The next gallery assistant, Sara Baker, maintained the program and renamed it Open Studio Night.
Manni, the gallery assistant since this past January, has continued Open Studio Night and plans to keep it running as long as she is with (106) and as long as people continue to attend.
“As a host, I want to provide a friendly space where others can feel comfortable to make and create alongside each other,” says Manni. “It’s a vulnerable thing to share work, time and ideas and I hope Open Studio is a zone where that can happen amongst friends.”
An open invitation
The year-round Open Studio Night typically draws in members of the Calvin community, but also locals who are invested in the artistic community along South Division Avenue.
Some participants come with ongoing projects, while others come with only ideas, and will utilize the free materials. Regular Open Studio Night attendees often bring their personal projects, including origami, embroidery work and digital comic strips. A storage room full of craft supplies provides empty-handed participants with anything from painting supplies to yarn and needles for knitting and crocheting.
“Basically anything is welcome,” says Manni. “The focus is as much about the people and the community we can form as it is about the items we are crafting.”
On top of the regular weekly sessions, Open Studio also includes monthly themed workshops where participants have the opportunity to learn a new art or craft from a local artist. Past workshops have included lessons in notebook making, paper marbling, beginner knitting and crocheting, zine making, stamp making, puppet making, card making and letter writing.
Manni says she hopes that Open Studio provides a welcome space for creativity. The event is free and open to any age and anyone interested in exploring the arts and creating amongst others. Tea, snacks, conversation and the company of others are enjoyed.
A dedication to serve
Manni believes that creating in community as practiced at Open Studio Night aligns with the calling of the Christian artist.

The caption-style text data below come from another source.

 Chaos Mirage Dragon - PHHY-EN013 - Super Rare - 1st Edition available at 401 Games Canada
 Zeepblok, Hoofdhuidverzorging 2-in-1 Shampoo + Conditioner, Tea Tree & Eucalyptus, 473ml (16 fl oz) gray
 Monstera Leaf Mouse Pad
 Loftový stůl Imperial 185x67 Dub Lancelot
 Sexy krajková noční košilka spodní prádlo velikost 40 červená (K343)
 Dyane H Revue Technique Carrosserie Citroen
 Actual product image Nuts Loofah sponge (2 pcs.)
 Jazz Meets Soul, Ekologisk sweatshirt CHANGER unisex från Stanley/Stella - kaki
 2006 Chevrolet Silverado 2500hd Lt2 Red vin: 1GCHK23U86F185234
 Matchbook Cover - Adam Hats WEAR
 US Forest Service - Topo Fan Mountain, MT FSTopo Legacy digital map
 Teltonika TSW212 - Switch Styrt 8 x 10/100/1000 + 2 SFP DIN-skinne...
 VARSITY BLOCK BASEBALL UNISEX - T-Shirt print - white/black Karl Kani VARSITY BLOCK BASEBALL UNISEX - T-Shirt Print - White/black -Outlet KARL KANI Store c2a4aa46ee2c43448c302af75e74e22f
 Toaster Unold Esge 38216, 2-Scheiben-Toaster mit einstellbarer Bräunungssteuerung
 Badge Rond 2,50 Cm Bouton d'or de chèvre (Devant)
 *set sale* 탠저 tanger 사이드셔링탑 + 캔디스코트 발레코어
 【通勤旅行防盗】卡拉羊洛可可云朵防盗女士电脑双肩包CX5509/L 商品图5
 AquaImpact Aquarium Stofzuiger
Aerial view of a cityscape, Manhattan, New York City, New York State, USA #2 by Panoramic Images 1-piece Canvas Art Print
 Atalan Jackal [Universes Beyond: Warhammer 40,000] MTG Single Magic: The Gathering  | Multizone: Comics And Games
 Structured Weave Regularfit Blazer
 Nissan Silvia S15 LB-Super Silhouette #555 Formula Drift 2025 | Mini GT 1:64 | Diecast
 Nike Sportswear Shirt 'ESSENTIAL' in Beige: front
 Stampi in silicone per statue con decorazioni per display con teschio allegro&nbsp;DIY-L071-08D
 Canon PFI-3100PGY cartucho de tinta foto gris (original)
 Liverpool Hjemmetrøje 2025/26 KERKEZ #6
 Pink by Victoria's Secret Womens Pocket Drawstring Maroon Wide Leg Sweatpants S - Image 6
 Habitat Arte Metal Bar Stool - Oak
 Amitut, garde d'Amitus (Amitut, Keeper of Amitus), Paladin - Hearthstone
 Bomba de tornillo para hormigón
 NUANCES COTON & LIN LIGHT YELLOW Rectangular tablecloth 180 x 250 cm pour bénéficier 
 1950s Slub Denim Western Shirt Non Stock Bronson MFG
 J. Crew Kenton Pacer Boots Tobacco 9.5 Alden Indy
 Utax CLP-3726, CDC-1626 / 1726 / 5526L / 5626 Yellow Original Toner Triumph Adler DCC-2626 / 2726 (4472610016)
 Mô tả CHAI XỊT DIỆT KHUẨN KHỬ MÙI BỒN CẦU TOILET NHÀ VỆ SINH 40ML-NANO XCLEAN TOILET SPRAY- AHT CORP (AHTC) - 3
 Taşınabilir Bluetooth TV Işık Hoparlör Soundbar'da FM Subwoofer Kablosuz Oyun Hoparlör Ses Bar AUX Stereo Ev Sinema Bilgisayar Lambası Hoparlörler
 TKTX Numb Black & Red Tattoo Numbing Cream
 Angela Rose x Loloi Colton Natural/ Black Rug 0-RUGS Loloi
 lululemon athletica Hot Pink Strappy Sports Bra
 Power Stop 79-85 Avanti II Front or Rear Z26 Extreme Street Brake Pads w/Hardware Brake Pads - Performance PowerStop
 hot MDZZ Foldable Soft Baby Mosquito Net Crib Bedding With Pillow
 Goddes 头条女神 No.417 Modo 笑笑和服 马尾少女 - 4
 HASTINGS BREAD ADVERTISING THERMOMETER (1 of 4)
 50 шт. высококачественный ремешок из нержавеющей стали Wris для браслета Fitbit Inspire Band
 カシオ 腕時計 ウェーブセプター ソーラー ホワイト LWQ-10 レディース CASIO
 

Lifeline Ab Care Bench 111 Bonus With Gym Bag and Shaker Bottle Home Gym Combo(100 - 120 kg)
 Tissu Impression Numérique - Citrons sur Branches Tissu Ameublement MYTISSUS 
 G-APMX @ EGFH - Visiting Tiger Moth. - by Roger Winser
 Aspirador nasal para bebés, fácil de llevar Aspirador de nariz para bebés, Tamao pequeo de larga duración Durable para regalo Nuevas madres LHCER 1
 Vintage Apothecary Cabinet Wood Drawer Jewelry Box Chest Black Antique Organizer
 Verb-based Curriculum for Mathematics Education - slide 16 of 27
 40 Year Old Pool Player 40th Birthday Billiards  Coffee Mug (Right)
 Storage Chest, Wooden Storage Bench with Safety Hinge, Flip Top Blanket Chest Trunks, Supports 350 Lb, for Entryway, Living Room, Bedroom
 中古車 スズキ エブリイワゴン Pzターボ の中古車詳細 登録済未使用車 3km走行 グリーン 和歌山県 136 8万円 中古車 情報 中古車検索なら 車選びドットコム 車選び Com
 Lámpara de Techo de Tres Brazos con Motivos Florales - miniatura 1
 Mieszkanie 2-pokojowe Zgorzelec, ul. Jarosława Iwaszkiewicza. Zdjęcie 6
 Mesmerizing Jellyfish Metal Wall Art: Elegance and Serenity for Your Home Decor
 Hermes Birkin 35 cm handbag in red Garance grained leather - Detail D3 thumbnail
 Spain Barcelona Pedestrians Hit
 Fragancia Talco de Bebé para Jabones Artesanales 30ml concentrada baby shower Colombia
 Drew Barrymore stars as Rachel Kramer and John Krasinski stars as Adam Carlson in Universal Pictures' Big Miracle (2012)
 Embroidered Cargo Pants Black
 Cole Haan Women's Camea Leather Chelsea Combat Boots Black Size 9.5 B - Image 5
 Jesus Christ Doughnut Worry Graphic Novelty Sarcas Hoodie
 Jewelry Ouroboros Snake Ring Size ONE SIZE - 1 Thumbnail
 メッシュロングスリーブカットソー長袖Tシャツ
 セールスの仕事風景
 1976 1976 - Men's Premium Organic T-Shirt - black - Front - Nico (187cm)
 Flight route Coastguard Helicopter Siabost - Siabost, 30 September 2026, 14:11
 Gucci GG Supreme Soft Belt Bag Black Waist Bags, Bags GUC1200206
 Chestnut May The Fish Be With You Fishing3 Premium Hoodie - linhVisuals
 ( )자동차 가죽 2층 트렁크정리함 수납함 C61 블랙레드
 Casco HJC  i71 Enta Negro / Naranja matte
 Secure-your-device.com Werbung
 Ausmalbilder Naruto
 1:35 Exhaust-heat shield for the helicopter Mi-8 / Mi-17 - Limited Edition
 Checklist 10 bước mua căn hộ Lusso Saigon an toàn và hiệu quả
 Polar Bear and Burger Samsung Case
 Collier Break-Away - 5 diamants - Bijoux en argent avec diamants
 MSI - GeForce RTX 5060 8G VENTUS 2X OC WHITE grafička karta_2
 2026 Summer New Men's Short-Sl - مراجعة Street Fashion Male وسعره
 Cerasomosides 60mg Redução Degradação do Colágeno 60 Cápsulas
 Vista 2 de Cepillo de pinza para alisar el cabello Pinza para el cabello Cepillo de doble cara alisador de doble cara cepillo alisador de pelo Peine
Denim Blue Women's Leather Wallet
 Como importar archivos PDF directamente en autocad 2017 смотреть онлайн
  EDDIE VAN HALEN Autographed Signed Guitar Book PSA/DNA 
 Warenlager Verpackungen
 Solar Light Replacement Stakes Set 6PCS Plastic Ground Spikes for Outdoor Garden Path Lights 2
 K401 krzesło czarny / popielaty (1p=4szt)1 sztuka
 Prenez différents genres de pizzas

“We are created by a wonderfully artistic Creator God who made us in His image,” she says. “Therefore, we are created to create and to be in relational community with others, because these are the traits of our maker.”
On a neighborhood community level, Open Studio Night provides an opportunity for renewal in a Heartside neighborhood that Manni notes historically has had a reputation of crime, homelessness and a transient population.
“It’s a small action, but meeting each week in this space expresses a commitment to renewing and transforming this corner of God’s world in Grand Rapids.”